Sobre os milhões de recursos públicos destinados a uma única associação cultural e o controverso credenciamento para despesas de publicidade, preciso rever minha posição urgentemente. A ADESC, na verdade, possui uma excelência que os pobres agentes culturais passenses não conseguem igualar, e por isso não têm motivo para reclamar. Quanto à publicidade, deveria me render ao raciocínio baseado em notas taquigráficas de um voto vencido de um conselheiro do TCE de Santa Catarina, que, no caso de Passos, justifica a prática de inexigibilidade de licitação. E quanto à taxativa vedação legal? Ora, isso é apenas um detalhe! Sobre a promoção pessoal, fui maldoso ao apontá-la, pois as rádios e web TVs realizaram apenas uma divulgação educativa e informativa, sem mencionar autoridades. E os altos valores gastos em detrimento por exemplo de uma saúde depauperada? Isso é Poder discricionário de um prefeito ungido com 88% dos passenses e assim escolhe a seu bel prazer o que é prioridade. Os problemas da população foram noticiados de forma isenta, e as críticas ao governo não apareceram simplesmente porque o governo nunca errou. A esmagadora vitória eleitoral prova sua infalibilidade “ex cathedra”.

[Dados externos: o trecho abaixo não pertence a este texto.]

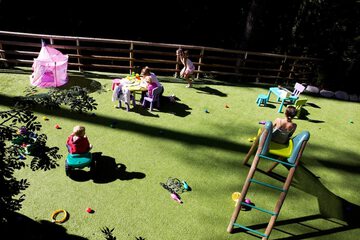 Children's area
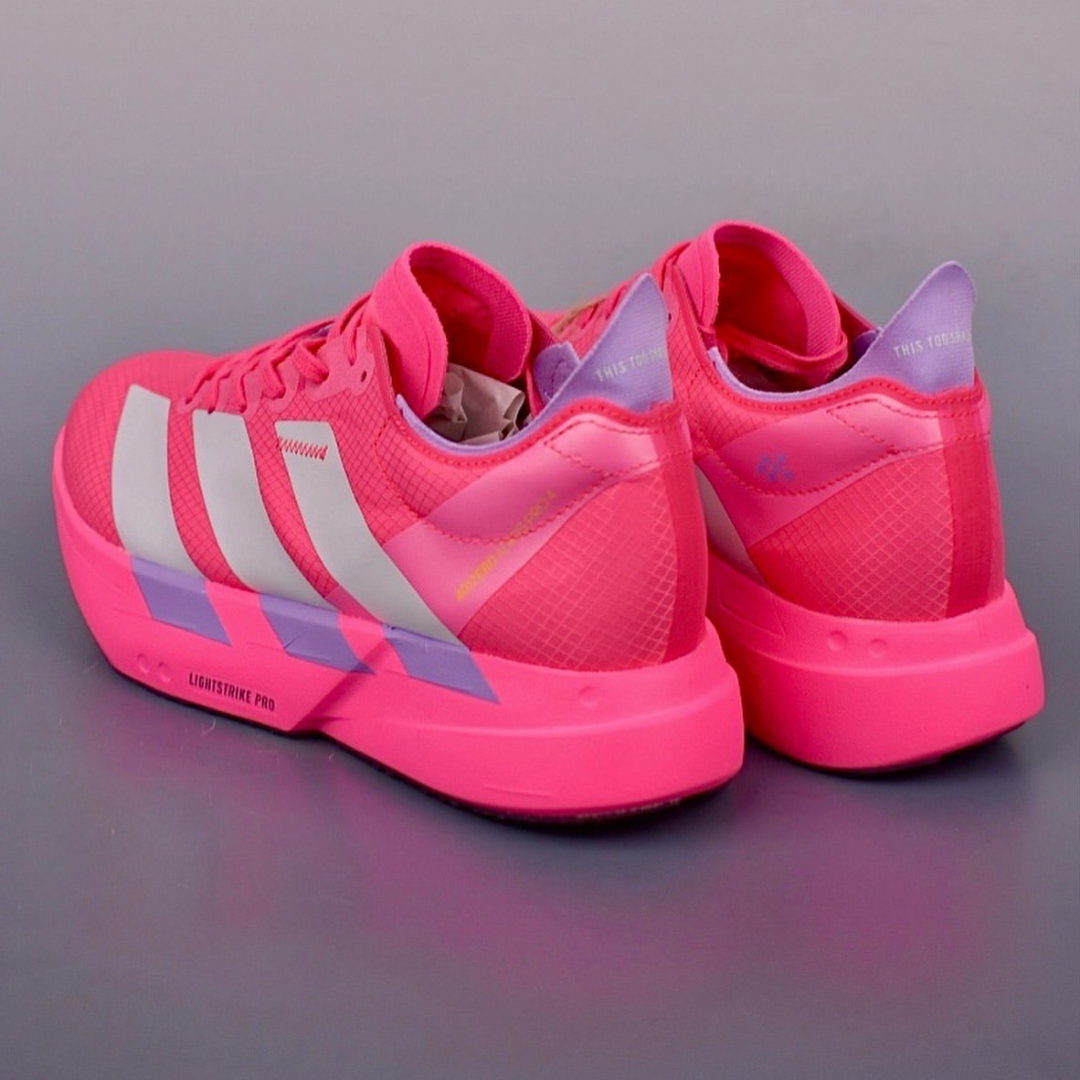 Adidas Adizero Adios Pro 4 Rosa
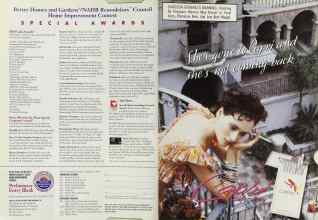 Better Homes & Gardens May 1996 Magazine Article: Page 118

A falta de fiscalização sobre os atos do governo não é um problema, afinal, um governo reeleito com 88% dos votos não precisa de fiscalização. Certamente, não foi o “toma lá, dá cá” que conquistou a boa vontade de quem deveria fiscalizar. Talvez eu devesse me processar por ter imaginado tal malícia! Eu jamais poderia ter condenado o Prefeito que, sem ser fiscalizado durante os 4 anos, também achou que não precisava  enfrentar os  debates, mas quem sabe, ele estivesse ocupado demais gerindo a cidade do alto de seu gabinete, para perder tempo com “detalhes” como prestar contas à população que o elegeu. Afinal, para que encarar um debate se você pode apenas evitar o confronto e perguntas incômodas e torcer para que ninguém perceba sua fuga? E ninguém percebeu, de fato, e esse colunista birrento fica protestando sem motivos!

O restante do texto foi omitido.